If one starts with a flat piece of paper, removes a wedge, and tapes the paper together, you get a cone. The angle of the removed wedge is called the "angular deficit".
Now if this is done in 3 spatial dimensions, removing a 'wedge' along an entire line, there is similarly an angular deficit around the line defect. Using cylindrical coordinates we can write the spacetime metric as:
$g^{\mu\nu} = dt^2 - dz^2 - dr^2 - r^2 d\theta^2$
with $0 \leq \theta \leq 2 \pi - \Delta \phi$ and the boundary condition that $\theta=0$ is equivalent to $\theta = 2 \pi - \Delta \phi$, where $\Delta \phi$ is the angular deficit. This line defect is sometimes referred to as a 'cosmic string'. In GR this can also be used to describe the spacetime outside of a cylindrically symmetric object in certain conditions ( http://prd.aps.org/abstract/PRD/v39/i4/p1084_1 ).
Besides the change in boundary condition for $\theta$, this looks exactly like flat spacetime. So the spacetime is locally flat (the Riemann curvature vanishes) everywhere except at the line defect where it is undefined. So without observing the defect directly, its gravitational presence can only be seen in a topological sense as it requires measurements of paths going around the defect.
To make sure my intuition is okay up to this point, first I'd like to verify that last line:
In case I'm missing something... In such a spacetime, is it possible to somehow measure the angular deficit "locally" or using paths that have a zero winding number around the defect?

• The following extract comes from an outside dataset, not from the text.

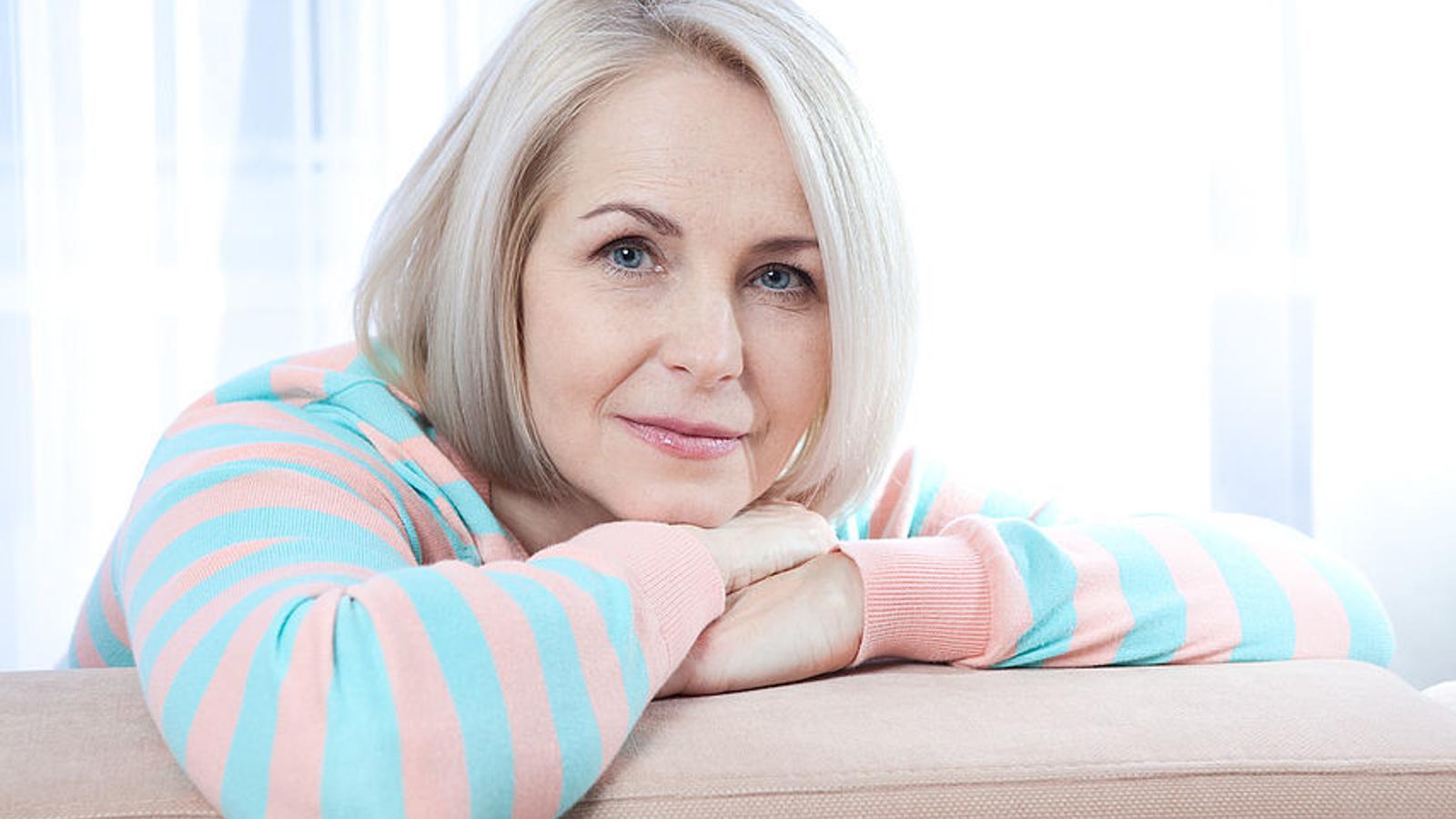 Frau in den Wechseljahren lehnt am Sofa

This intuitive understanding of angular deficit seems to implicitly require that spacetime is locally flat and have the symmetry of an infinite cylinder. For example, if I broke translation symmetry along the line defect by making it finite in length, one can't even use intuitive topology to state whether a path went 'around' the line defect or not. However, physical intuition states that spacetime around the center of the finite line defect, at distances much less than the finite length, should still approximate the infinite line case.
Can "angular deficit" along a path be rigorously defined for arbitrary metrics somehow? If not, what symmetries are necessary to do so?